So I have a webserver running nginx, and I want to use it as a reverse proxy to access web applications running elsewhere. I know this is a pretty standard use case, and that the traditional approach is to use virtual hosts to proxy the different apps.
Like, normally you would do something like:
- https://app1.webserver.something => app1.host:3000
- https://app2.webserver.something => app2.host:1234
- https://app3.webserver.something => app3.host:8080
I am familiar with this approach, and know how to set it up.
In this case, there is a catch though. For reasons that I can’t get into here, I can’t use virtual hosts, and everything should be hosted in the same webserver.something
domain. So I thought I would use a subpath to host each app.

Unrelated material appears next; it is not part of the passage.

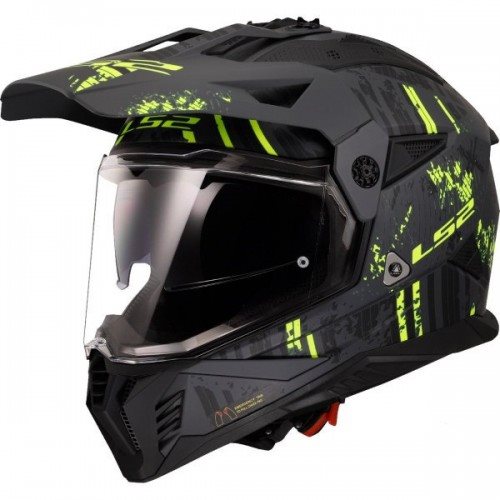 KASK LS2 MX702 PIONEER II CRAZY M.BLACK H-V YEL XL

What I want to do is this basically:
- https://webserver.something/app1 => app1.host:3000
- https://webserver.something/app2 => app2.host:1234
- https://webserver.something/app3 => app3.host:8080
In my nginx config file I have something like this:
upstream app1 {
server app1.host:3000;
}
server {
...
location /app1 {
proxy_pass http://app1/;
}
...
}
This works to the extent that all requests going to /app1/*
get forwarded to the correct application host. The issue though is that the application itself uses absolute paths to reference some resources. For example, app1 will try to reference a resource like /_app/something/something.js
, which of course produces a 404 error.
I suppose that for this particular error I could map /_app/
to the app1 application host with another location statement, but that seems dirty to me and I don’t like it. First off it could quickly become a game of whack-a-mole, trying to get all the absolute paths remapped, and secondly it could easily lead to conflicts if other applications use that absolute path too.
So I guess my question is: is there a way to do this cleanly, and dynamically rewrite those absolute paths per app?
I tried something like this with Traefik just recently using add prefix and strip prefix rules. It had limited success until until I encountered an application that doesn’t have everything behind a sub path, Like /lovelace (home assistant)or something like that. If the application just basis it off the host with a root path, than you can’t really apply the prefix rule as the reverse proxy will not know how to route the request as the application is asking for a path that is not already a sub. You may come into this situation more often with several applications. I ended up just switching back to virtual hosts myself.